-- Work order --
Leaving the pictures out, transcribe the records below exactly.

-- Material to process --
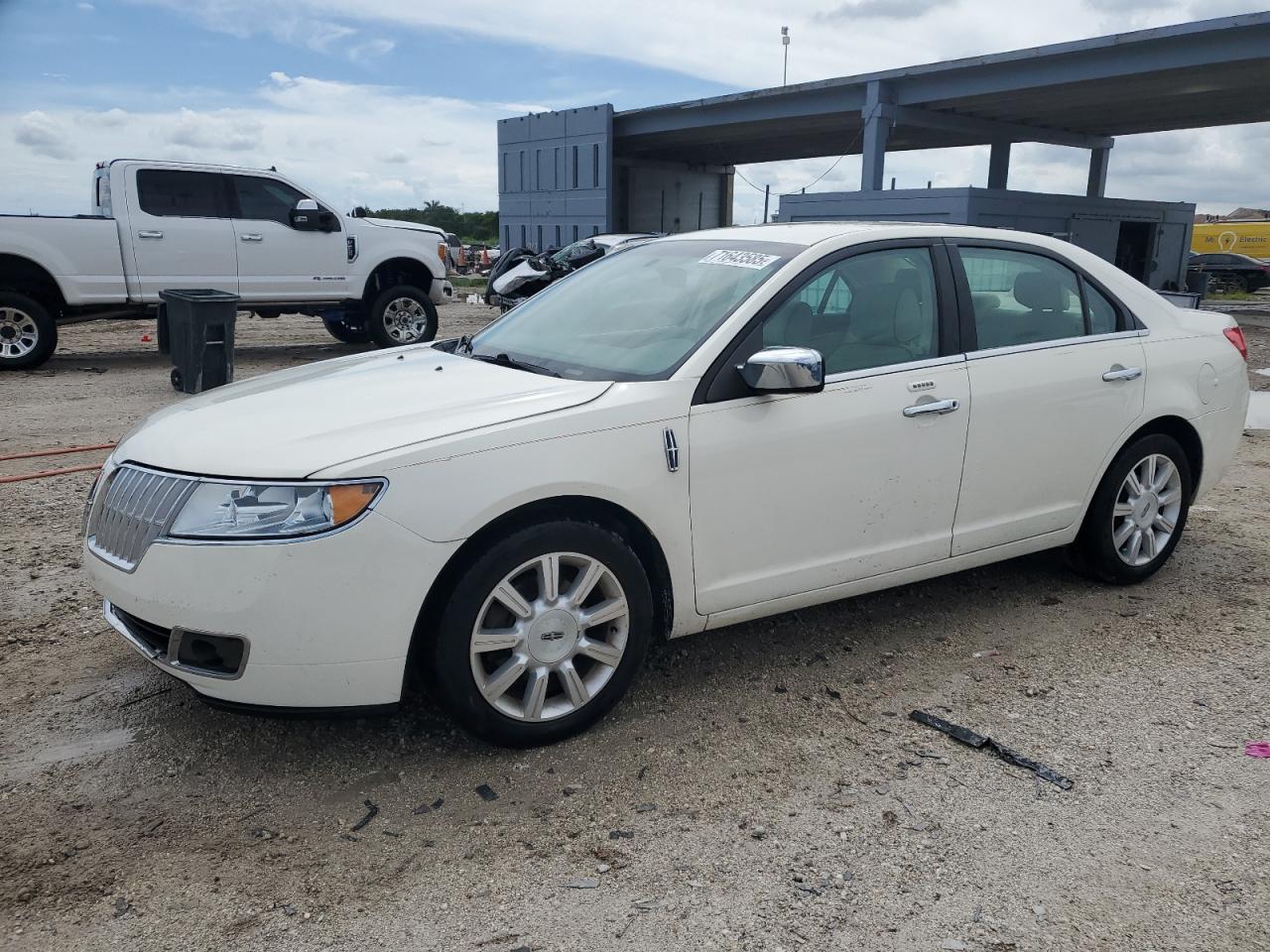 LINCOLN MKZ 2012
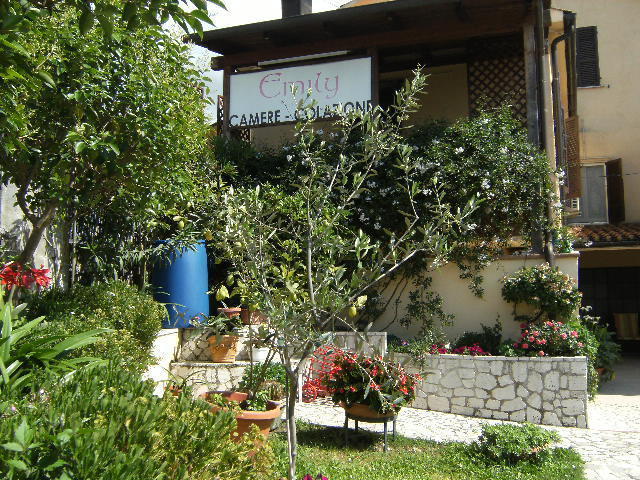Bed and Breakfast Emily Stroncone Екстер'єр фото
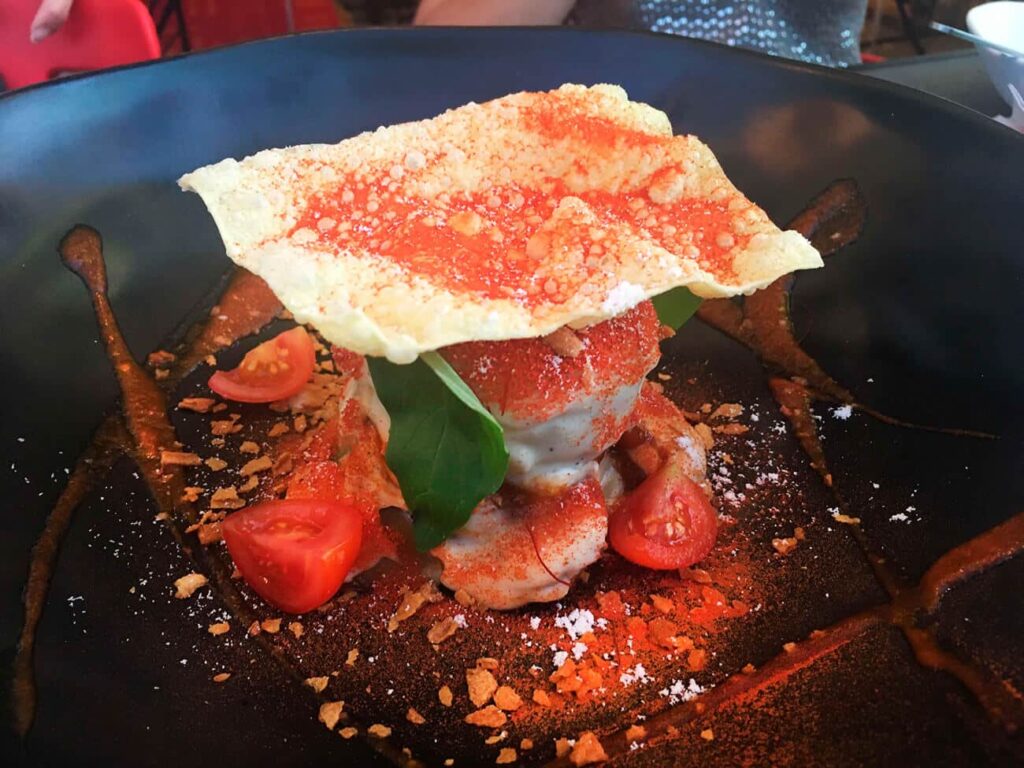 Presentación del plato de lasaña koreana streetxo incluido en la evaluación gastronómica.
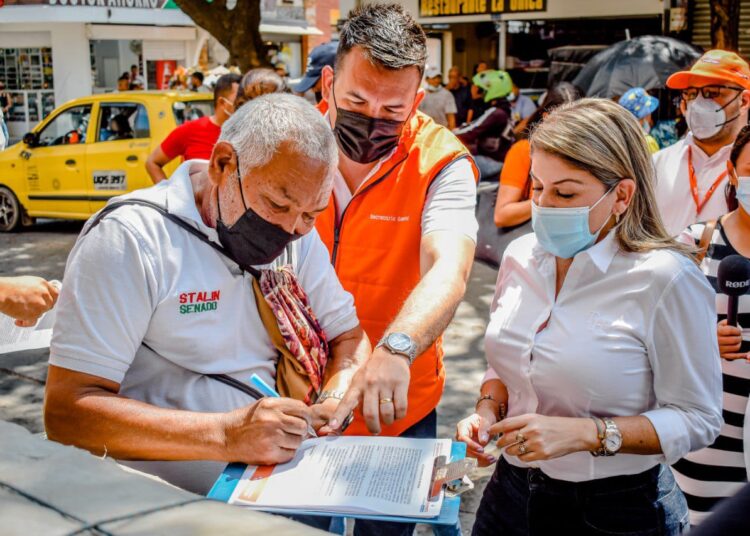 85 vendedores de la carrera 5ta. han entregado voluntariamente el espacio público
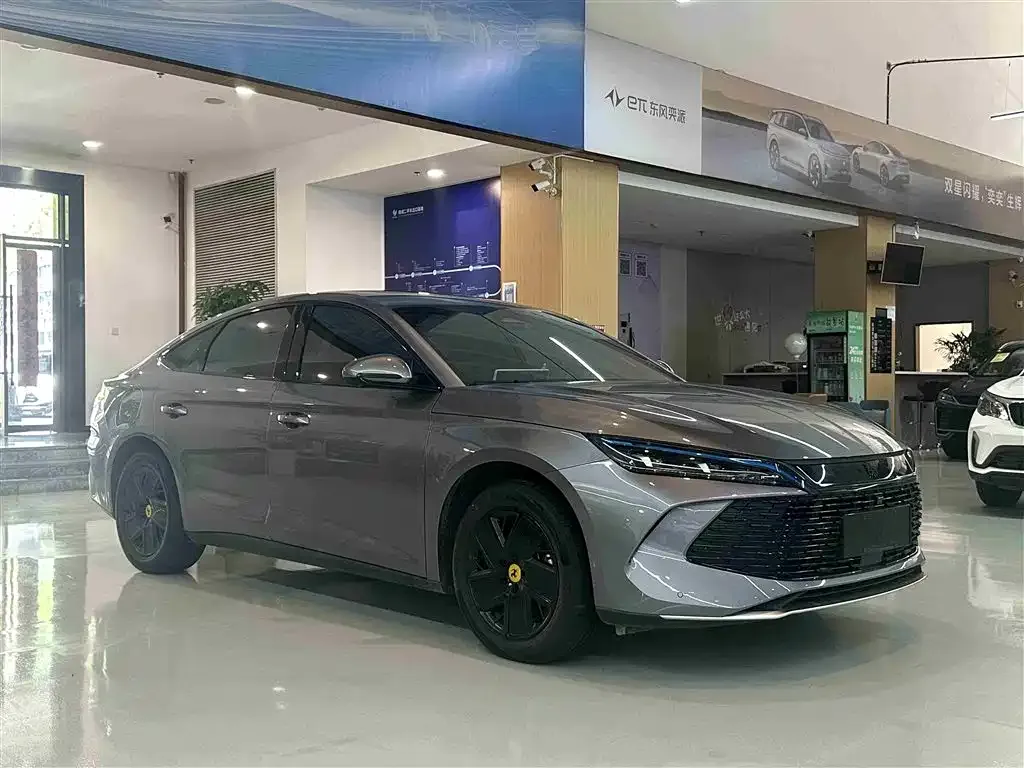 BYD Qin L — фото 3
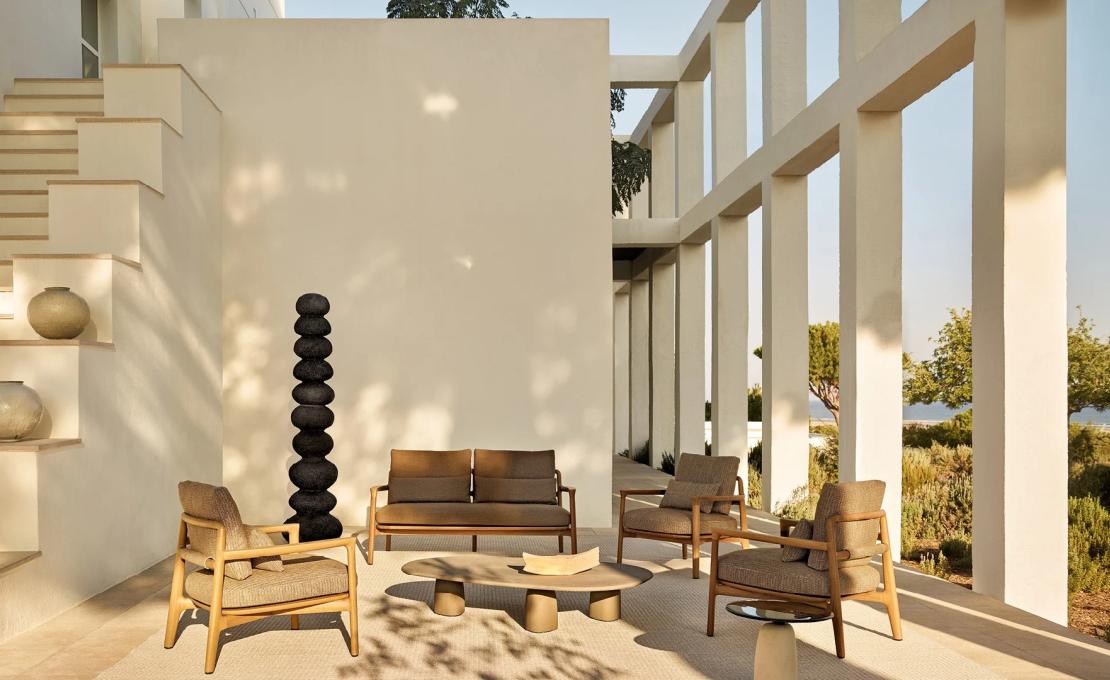 Уличный диван от фабрики Poliform модель MAGNOLIA SOFA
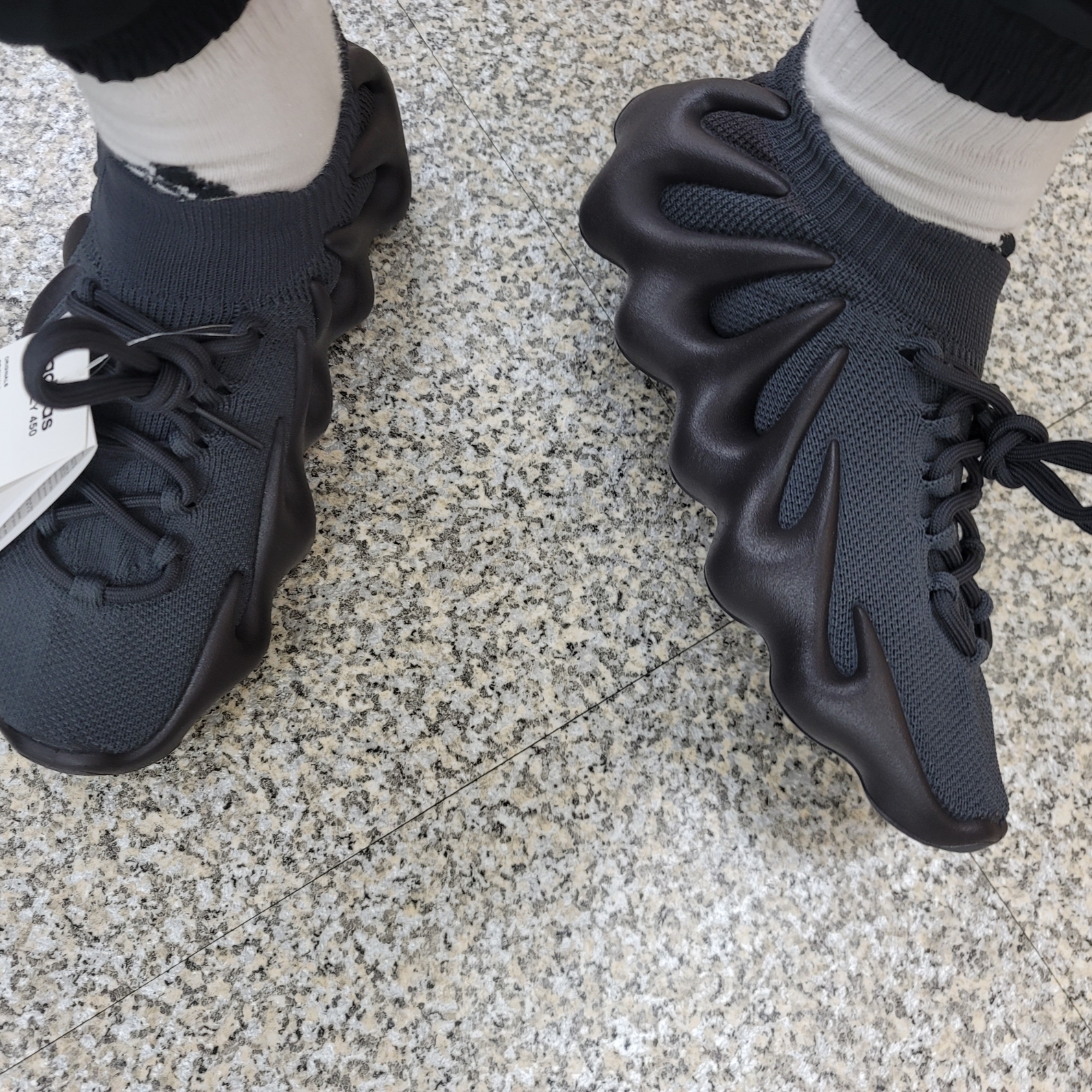 Adidas Yeezy 450 Utility Black 착용 스타일 - 1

-- Reply --
 LINCOLN MKZ 2012
Bed and Breakfast Emily Stroncone Екстер'єр фото
 Presentación del plato de lasaña koreana streetxo incluido en la evaluación gastronómica.
 85 vendedores de la carrera 5ta. han entregado voluntariamente el espacio público
 BYD Qin L — фото 3
 Уличный диван от фабрики Poliform модель MAGNOLIA SOFA
 Adidas Yeezy 450 Utility Black 착용 스타일 - 1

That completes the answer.